The man, a neighbor, convinced Younger to help him look for the person who broke his garage window. They drove to a dead-end street where the man sexually abused Younger, then drove away, leaving him standing in the street.
“After that, I was never the same,” he said. “I was actually waiting for someone to come get me, but no one did. So I walked home, went inside my bedroom closet and cried until I fell asleep.”
It wasn't the first time Younger had been abused, or the last. Predators included strangers, friends, and other family members. There were nine in all.
Though shocking, Younger's experience isn't all that uncommon. According to the Centers for Disease Control and Prevention, most sexual violence victims were raped before age 18.
Younger's abuse had a profound impact on his life. He had a violent temper, was promiscuous during his adolescent and late teen years, and trusted no one. He carried some of those traits into his marriage, which ended in 2006 after 22 years.

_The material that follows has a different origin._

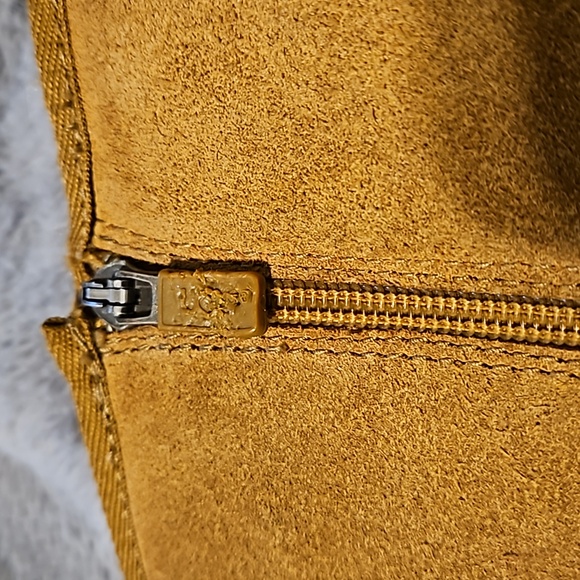 Uggs boots - Picture 5 of 6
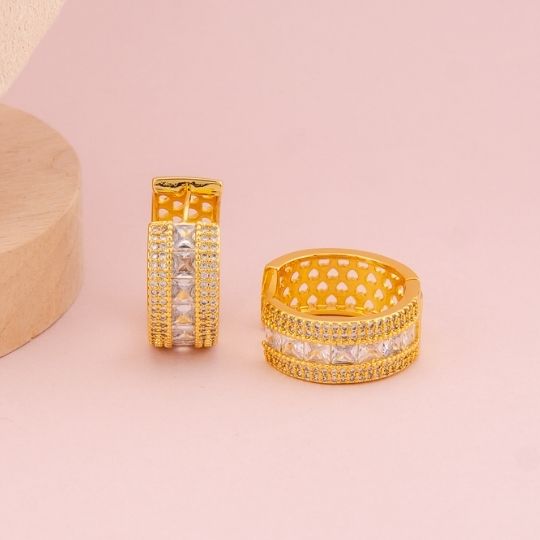 Argollas chunky con zirconias baño 18k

The end of his marriage signaled the beginning of recovery. He underwent counseling, seeking help from several therapists. But it wasn't until earlier this year when he sent a letter to Dr. Phil explaining his experience that his recovery took a dramatic turn.
Younger describes Dr. Phil's tough-love approach as “therapy on steroids.”
Younger has also written about his experience in a book, “Moon Cussers – My Life Story of Healing from Sexual Child Abuse.”
A writer and conference speaker, Younger also launched The Butterfly Gateway foundation, which helps victims overcome their abuse though awareness and recovery tools and resources. It includes a series of books to help kids and their parents educate themselves about sexual abuse.
“I didn't just want to tell my story. I wanted to help people because there are a lot of damaged individuals that have had this happen to them. They don't talk about it. But they walk around with shame, doubt and regret, and they don't have to, because there's healing for those bad situations.